I have a table of model results in a DataFrame with independent variable names and model statistics in the index and coefficients and p-values for each model in separate columns. I would like to organize my columns by model accuracy (by the value in the "f-stat" row and "Coefs" column) while maintaining the structure that coefficient columns are immediately followed by their p-value column.
For example:
(Model 1, Coefs) | (Model 1, Prob) | ... | (Model 3, Coefs) | (Model 3, Prob) | |
---|---|---|---|---|---|
Const | -0.00110 | 9.04e-01 | ... | 0.030600 | 0.000000 |
Var 1 | 0.124000 | 0.00e+00 | ... | 0.683400 | 0.021200 |
Var 2 | Nan | Nan | ... | 0.337700 | 0.065100 |
f-stat | 27.76398 | 9.46e-10 | ... | 6.794688 | 0.000405 |
Supposing the ordering of model accuracy is Model 2, Model 1, Model 3, then I would like a way to generate a list that is [('Model 2','Coefs'),('Model 2','Prob'),('Model 1','Coefs'),('Model 1','Prob'),('Model 3','Coefs'),('Model 3','Prob')]

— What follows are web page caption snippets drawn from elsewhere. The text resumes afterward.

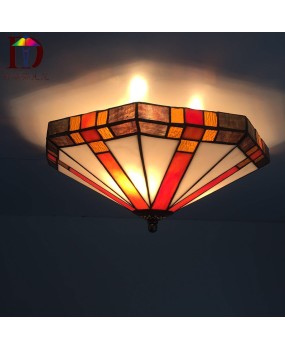 Lighting manufacturers wholesale Tiffany colored glass European style balcony bedroom living room ceiling light new promotion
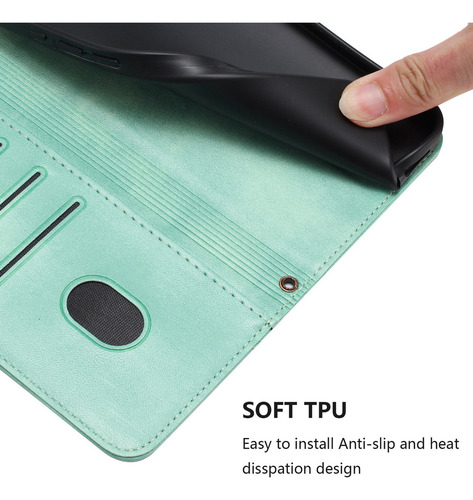 Funda De Piel Tipo Cartera Con Ranura Para Teléfono Zte Blade A52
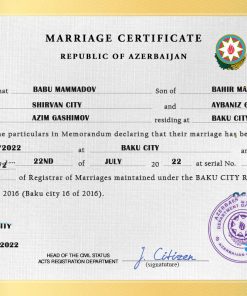 Azerbaijan marriage certificate PSD template, completely editable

so that I can sort the columns within the table.
I've tried using
[[(x[0],'Coefs'),(x[0],'Prob')] for x in dictOLS[Y][[x for x in dictOLS[Y].columns if x[1]=='Coefs']].loc['f-stat'].sort_values(ascending=False).index]
And
[*[(x[0],'Coefs'),(x[0],'Prob')] for x in dictOLS[Y][[x for x in dictOLS[Y].columns if x[1]=='Coefs']].loc['f-stat'].sort_values(ascending=False).index]
But the first one returns a list of lists, and the second returns an error.